» EXERCISE DETAILS
Produce an exact copy of the lines from the line containing "女人的手拿着红色的鱼片和香料图片下载" through the last line of the entries below, and only those lines.

-------- RECORD EXTRACTS --------

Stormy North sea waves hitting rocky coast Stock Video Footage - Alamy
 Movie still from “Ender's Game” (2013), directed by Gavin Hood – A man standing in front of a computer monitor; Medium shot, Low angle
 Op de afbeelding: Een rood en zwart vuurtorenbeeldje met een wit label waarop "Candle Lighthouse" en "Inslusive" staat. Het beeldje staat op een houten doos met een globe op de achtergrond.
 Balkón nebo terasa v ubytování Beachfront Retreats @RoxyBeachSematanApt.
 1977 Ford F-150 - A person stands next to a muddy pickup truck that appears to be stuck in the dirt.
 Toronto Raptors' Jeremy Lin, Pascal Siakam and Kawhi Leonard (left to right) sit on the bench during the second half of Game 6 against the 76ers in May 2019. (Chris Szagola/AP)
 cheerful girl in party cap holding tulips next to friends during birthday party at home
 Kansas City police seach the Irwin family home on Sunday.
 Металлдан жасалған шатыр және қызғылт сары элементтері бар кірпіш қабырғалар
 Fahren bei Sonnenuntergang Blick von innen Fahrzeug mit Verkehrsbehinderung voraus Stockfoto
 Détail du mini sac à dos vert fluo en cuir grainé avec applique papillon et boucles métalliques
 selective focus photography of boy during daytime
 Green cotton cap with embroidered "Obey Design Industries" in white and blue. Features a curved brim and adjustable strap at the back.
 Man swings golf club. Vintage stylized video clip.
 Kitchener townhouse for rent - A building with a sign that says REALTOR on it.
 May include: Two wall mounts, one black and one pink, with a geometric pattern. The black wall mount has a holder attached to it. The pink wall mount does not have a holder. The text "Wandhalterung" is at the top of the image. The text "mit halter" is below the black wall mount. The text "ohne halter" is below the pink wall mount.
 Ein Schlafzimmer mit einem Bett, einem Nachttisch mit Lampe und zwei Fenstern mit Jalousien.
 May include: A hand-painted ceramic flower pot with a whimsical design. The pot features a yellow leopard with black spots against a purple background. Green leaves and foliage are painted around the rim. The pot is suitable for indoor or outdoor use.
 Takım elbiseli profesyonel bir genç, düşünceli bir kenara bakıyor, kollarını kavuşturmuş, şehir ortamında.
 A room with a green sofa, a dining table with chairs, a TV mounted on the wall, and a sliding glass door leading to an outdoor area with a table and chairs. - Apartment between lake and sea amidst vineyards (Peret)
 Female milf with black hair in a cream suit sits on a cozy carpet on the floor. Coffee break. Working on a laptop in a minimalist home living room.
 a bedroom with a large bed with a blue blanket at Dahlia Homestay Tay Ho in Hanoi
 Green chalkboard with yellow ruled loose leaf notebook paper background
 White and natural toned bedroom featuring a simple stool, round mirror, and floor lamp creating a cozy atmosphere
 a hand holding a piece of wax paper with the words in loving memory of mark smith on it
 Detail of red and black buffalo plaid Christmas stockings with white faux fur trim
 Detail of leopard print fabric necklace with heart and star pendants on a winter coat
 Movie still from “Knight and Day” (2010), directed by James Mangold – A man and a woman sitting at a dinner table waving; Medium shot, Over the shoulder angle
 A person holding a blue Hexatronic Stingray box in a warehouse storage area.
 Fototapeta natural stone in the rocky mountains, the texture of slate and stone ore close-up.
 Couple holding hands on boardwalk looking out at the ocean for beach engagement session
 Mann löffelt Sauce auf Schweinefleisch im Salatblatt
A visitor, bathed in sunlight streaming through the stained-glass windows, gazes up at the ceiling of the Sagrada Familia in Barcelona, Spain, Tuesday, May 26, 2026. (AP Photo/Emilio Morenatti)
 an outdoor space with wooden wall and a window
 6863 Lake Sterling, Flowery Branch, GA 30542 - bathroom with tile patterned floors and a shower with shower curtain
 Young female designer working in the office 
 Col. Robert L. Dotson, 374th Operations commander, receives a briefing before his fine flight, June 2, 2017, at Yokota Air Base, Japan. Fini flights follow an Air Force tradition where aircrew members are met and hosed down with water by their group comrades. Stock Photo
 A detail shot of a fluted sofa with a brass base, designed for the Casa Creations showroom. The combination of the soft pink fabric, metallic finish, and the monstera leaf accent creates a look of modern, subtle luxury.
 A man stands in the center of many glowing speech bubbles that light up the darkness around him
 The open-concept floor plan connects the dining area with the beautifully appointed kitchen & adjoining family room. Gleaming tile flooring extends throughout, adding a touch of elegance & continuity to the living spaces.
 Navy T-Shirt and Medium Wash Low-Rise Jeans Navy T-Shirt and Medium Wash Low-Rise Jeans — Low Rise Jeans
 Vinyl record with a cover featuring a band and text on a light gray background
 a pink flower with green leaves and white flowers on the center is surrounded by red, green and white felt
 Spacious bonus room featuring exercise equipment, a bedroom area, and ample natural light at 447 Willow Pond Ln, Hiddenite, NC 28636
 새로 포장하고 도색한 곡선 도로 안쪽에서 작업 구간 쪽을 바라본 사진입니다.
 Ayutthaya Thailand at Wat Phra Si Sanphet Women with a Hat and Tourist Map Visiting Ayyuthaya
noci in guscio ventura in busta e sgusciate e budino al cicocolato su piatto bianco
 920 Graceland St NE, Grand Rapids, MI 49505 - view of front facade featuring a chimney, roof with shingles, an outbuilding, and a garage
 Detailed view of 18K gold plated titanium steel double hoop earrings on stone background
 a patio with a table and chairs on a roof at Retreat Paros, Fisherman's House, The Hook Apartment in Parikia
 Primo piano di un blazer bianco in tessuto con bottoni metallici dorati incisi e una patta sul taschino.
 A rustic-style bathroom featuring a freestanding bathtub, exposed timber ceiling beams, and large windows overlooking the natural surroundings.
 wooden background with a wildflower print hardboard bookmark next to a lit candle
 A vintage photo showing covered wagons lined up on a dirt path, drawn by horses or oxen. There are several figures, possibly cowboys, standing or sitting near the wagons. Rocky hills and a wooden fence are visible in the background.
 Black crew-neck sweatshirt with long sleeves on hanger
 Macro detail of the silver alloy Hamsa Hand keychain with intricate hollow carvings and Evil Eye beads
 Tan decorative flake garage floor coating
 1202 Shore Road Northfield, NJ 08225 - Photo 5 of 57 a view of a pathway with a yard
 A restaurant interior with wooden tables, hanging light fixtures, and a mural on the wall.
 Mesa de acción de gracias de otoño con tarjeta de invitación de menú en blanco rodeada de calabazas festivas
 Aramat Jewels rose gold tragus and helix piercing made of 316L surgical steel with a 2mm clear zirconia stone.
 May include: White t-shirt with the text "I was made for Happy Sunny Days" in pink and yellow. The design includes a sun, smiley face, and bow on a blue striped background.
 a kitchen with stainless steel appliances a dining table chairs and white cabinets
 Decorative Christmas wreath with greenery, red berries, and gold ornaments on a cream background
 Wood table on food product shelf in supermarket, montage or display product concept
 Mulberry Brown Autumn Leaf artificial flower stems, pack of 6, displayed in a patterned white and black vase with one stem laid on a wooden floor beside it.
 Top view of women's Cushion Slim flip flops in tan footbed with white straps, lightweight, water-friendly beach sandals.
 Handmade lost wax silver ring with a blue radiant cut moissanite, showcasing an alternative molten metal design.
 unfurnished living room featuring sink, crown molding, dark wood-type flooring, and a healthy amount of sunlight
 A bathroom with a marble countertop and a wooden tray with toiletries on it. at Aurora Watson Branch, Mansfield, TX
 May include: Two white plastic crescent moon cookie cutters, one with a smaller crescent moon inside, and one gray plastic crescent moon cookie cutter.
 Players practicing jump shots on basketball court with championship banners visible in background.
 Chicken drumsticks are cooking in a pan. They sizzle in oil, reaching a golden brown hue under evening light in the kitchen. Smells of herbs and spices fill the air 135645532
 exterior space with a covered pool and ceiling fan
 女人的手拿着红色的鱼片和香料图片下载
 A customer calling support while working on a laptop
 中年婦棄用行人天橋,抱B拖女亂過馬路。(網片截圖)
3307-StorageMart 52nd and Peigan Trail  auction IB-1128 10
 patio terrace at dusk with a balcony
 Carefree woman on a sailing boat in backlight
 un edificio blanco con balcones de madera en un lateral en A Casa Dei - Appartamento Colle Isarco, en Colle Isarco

--------

» RESULT BELOW
 女人的手拿着红色的鱼片和香料图片下载
 A customer calling support while working on a laptop
 中年婦棄用行人天橋,抱B拖女亂過馬路。(網片截圖)
3307-StorageMart 52nd and Peigan Trail  auction IB-1128 10
 patio terrace at dusk with a balcony
 Carefree woman on a sailing boat in backlight
 un edificio blanco con balcones de madera en un lateral en A Casa Dei - Appartamento Colle Isarco, en Colle Isarco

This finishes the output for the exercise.